Just caught that April nat gas futures jumped 6% on Friday - hitting a one-month high. The whole thing is tied to the Middle East situation and what it could mean for global LNG supplies. Apparently Qatar's Ras Laffan facility (the world's largest nat gas export hub) got hit by a drone attack and shut down. That's about 20% of global LNG production offline, which is pretty significant.



The geopolitical risk is real here - if the Strait of Hormuz gets disrupted, we could see a major supply crunch. That would definitely push US nat gas exports higher since domestic production hasn't been hit hard by the conflict. Meanwhile, European nat gas prices already spiked to a 3-year high earlier this week on the same concerns.

But there's pushback too. US production is sitting near record levels at 113.6 bcf/day, and the EIA just bumped up their 2026 nat gas production forecast to 109.97 bcf/day.
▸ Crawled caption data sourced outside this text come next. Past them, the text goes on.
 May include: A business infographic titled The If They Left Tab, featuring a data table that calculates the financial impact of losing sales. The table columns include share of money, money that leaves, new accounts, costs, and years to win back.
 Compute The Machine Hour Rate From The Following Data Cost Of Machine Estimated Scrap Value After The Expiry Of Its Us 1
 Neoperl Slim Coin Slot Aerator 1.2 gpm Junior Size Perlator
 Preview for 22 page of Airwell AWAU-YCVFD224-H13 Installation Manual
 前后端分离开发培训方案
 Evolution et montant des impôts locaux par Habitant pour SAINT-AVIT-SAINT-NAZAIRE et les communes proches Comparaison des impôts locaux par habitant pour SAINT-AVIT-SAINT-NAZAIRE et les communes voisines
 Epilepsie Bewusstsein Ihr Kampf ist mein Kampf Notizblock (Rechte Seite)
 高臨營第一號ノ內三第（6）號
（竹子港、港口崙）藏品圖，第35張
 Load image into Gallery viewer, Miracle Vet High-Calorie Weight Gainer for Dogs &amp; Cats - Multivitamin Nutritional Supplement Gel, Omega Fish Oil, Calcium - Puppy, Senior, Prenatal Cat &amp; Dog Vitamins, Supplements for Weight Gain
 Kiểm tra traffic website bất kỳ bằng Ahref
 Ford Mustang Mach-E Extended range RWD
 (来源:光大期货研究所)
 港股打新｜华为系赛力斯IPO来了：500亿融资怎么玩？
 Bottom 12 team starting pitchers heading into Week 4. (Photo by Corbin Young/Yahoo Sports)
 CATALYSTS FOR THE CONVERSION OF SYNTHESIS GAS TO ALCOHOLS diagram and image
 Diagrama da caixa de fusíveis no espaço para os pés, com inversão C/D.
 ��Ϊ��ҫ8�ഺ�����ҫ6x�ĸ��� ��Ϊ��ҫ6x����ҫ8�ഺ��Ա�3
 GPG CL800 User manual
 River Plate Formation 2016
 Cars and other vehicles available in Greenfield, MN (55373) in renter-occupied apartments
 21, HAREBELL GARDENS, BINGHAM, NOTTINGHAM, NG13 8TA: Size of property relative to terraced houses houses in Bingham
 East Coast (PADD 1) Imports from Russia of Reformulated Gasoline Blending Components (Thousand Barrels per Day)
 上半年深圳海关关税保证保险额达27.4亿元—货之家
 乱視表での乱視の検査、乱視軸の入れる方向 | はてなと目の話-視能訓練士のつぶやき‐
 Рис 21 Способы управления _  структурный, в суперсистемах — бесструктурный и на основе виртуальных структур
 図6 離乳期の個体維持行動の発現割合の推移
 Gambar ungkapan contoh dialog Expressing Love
More supply coming online is bearish for prices. Plus, warmer weather is expected across the eastern US through early March, which would cut heating demand - another headwind.

On the inventory side, last week's draw was -132 bcf, bigger than the -124 bcf consensus, so that's supportive. But nat gas stockpiles are still running about 7% above year-ago levels. Feels like we've got competing forces here - supply disruption fears pushing prices up, but rising US production and mild weather keeping a lid on how high they can go.